World Bank must wake up to Rogun mega dam “nightmare” in Tajikistan, say activists ahead of financing vote
The World Bank has to realise that the Rogun mega project “dream of the biggest dam [in the world] will turn into a nightmare for the people and nature in Tajikistan and beyond” and that it “still has an opportunity to pause the proposed investments and demand a new impact assessment, including for alternative proposals”.
So argue environmental activists Eugene Simonov and Manana Kochladze in an article published by Al Jazeera prior to a December 17 World Bank vote on financing the completion of the dam investment on the Vakhsh River, a major tributary to the Amu Darya River which flows onwards to Afghanistan, Turkmenistan and Uzbekistan.
“Now it is the time for the bank to reflect on past mistakes, listen to civil society, and shift investments to smaller-scale projects where possible harms can be adequately mitigated,” the activists write.

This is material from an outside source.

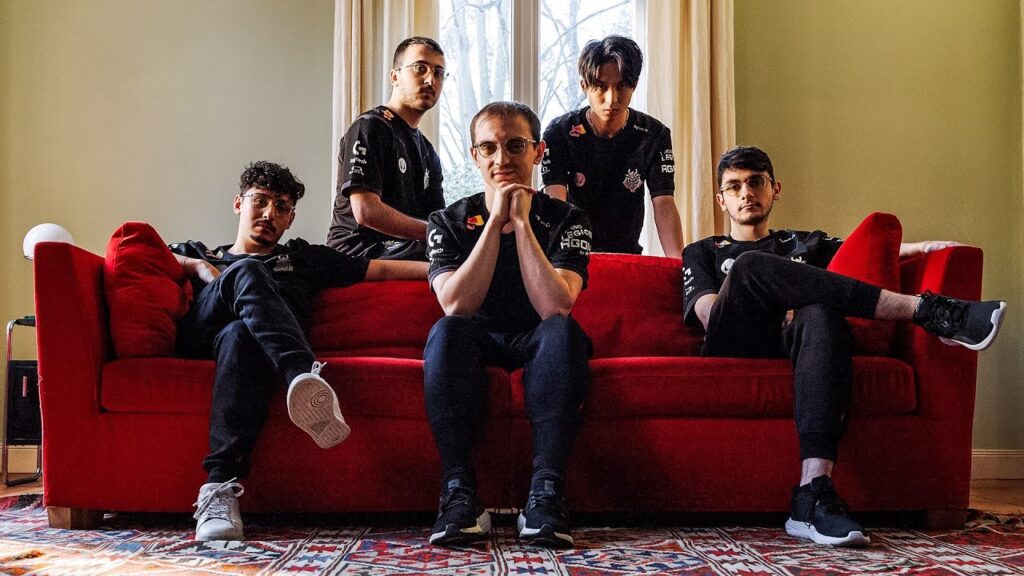 Esports team members sitting on a red couch, wearing black jerseys in a gaming-themed photoshoot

They add: “The Tajik regime’s argument that this is a ‘life and death’ situation does not stand. There are alternatives to the current project that can provide the needed electricity and that would not have the same environmental and human impacts.

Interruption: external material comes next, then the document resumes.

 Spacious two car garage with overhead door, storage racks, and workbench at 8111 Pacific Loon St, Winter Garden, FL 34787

“Decreasing the height of the dam could massively reduce the number of [more than 60,000] people that risk being displaced, and the funds saved by downscaling the project could be used to build more efficient solar farms, thus diversifying the Tajik energy sector and avoiding overreliance on hydropower in a region prone to droughts worsened by climate change. A smaller project could also prevent some of the worst environmental impacts.

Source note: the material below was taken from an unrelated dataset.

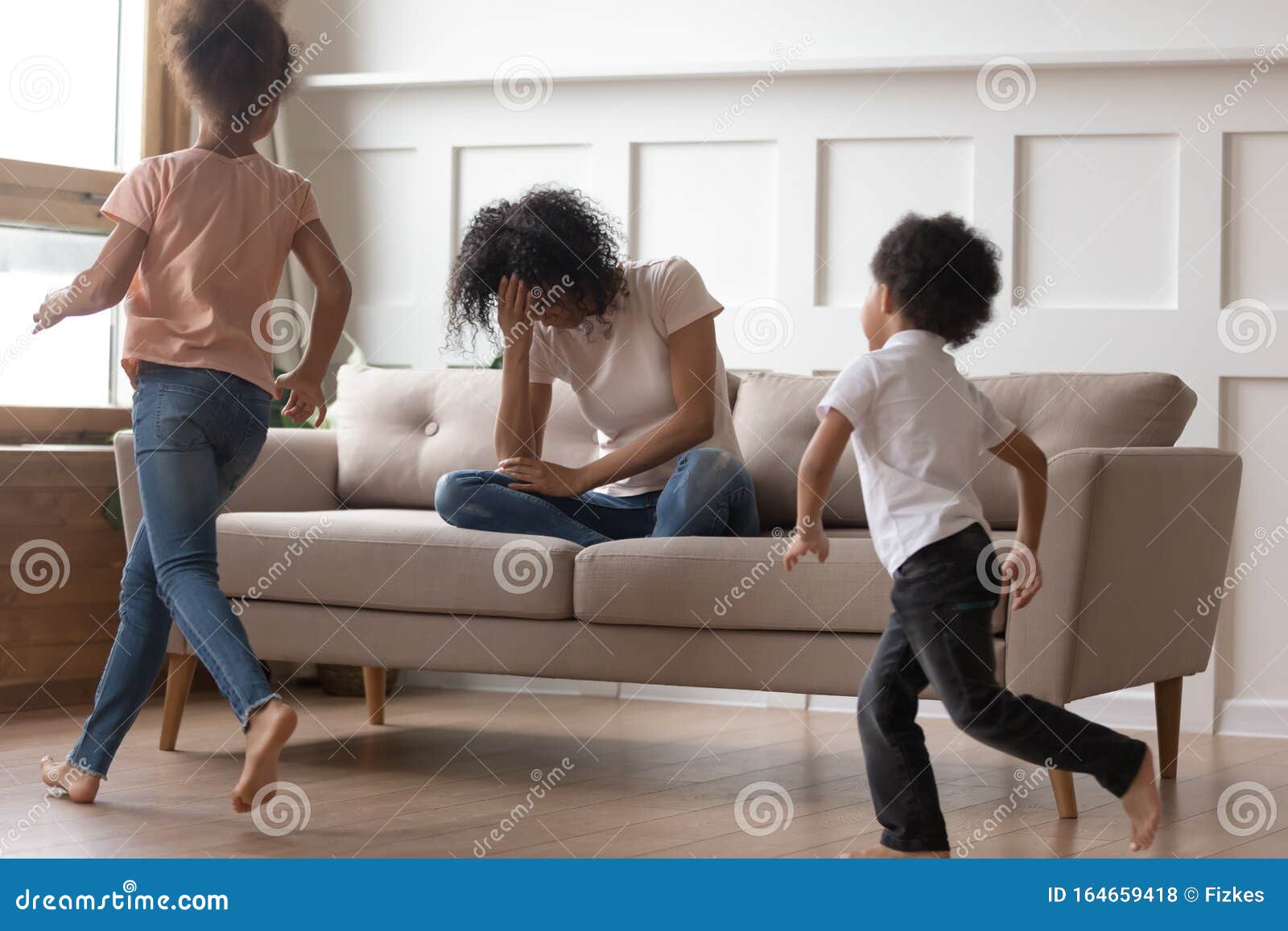 African Mother Sit On Couch Can`t Handle With Noisy Kids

“In the 1990s, the World Bank itself spearheaded the establishment of the World Commission on Dams. In 2000, the commission released a damning report clearly demonstrating how mega dams can severely harm people and the environment, and why alternatives to any large dam proposal should be seriously considered from the start.
“Yet, with the recent push for a fossil fuel phaseout, large dams have managed to get renewed support. Despite the fact that some of them emit more greenhouse gases than fossil fuel power plants, dams are being promoted as climate-friendly projects and development banks are again heavily investing in them.”
The Rogun project, expected to cost at least $6.5bn, has been in development since the mid-1970s. It would solve Tajikistan’s perennial difficulties with power outages and provide substantial volumes of electricity for regional export.
Simonov, a coordinator of the Rivers without Boundaries International Coalition (RwB), and Kochladze, who works on democratisation and human rights at the CEE Bankwatch Network—an NGO that monitors the impacts of international financial institutions (IFIs) in Central and Eastern Europe, the Caucasus and Central Asia—observe how a recent report, “Financing Repression”, co-published by the Coalition for Human Rights in Development, the Early Warning System and International Accountability Project, emphasises how concerns of the affected communities in Tajikistan risk remaining unheard because people fear protesting against the repressive regime.
Within Tajikistan, they add, the Rogun dam would impact critically endangered endemic sturgeons and unique floodplain ecosystems downstream, including the Tugay Forests of the Tigrovaya Balka, a World Heritage Site in the Vakhsh River floodplain. It would also adversely affect nature reserves downstream, in Turkmenistan and Uzbekistan, they say.
“The operation of the Rogun hydropower dam will further affect seasonal patterns of water inflow and its volume supporting the related ecosystems, their biodiversity, and the livelihoods of the already struggling riparian communities of Lower Amu Darya and its delta. Water redistribution shortages may fuel protests and transboundary tensions in a region already prone to conflicts,” Simonov and Kochladze contend.